Input material:
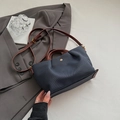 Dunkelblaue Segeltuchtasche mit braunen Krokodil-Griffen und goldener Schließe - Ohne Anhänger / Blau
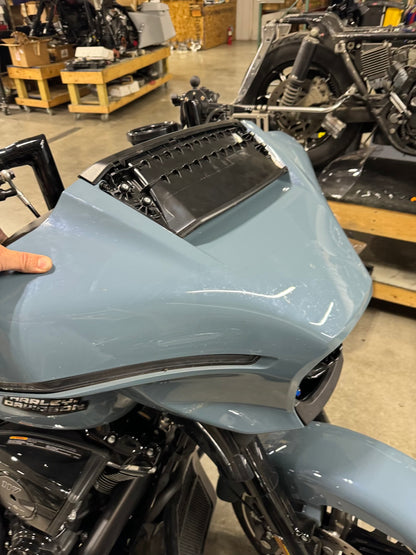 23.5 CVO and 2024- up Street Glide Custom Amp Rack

* * *

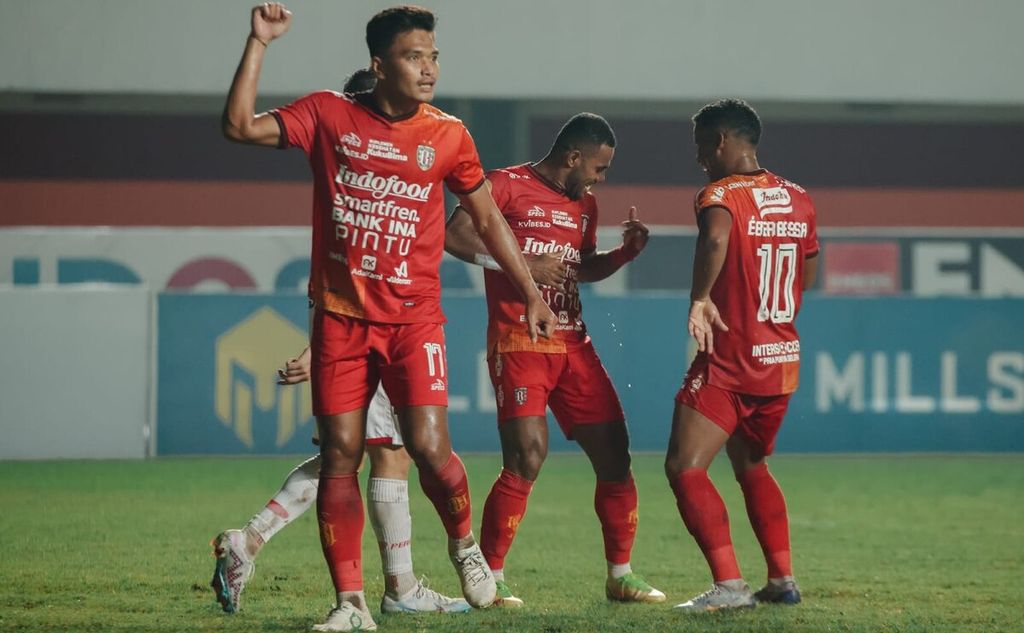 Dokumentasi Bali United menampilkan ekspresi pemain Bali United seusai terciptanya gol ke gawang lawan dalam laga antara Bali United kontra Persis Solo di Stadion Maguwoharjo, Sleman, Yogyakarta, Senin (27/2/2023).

Task prompt:
Word for word, repeat the lines above from the one with "Dunkelblaue Segeltuchtasche mit" through the one with "23.5 CVO and", and nothing beyond them. Omit the pictures.

Response:
 Dunkelblaue Segeltuchtasche mit braunen Krokodil-Griffen und goldener Schließe - Ohne Anhänger / Blau
 23.5 CVO and 2024- up Street Glide Custom Amp Rack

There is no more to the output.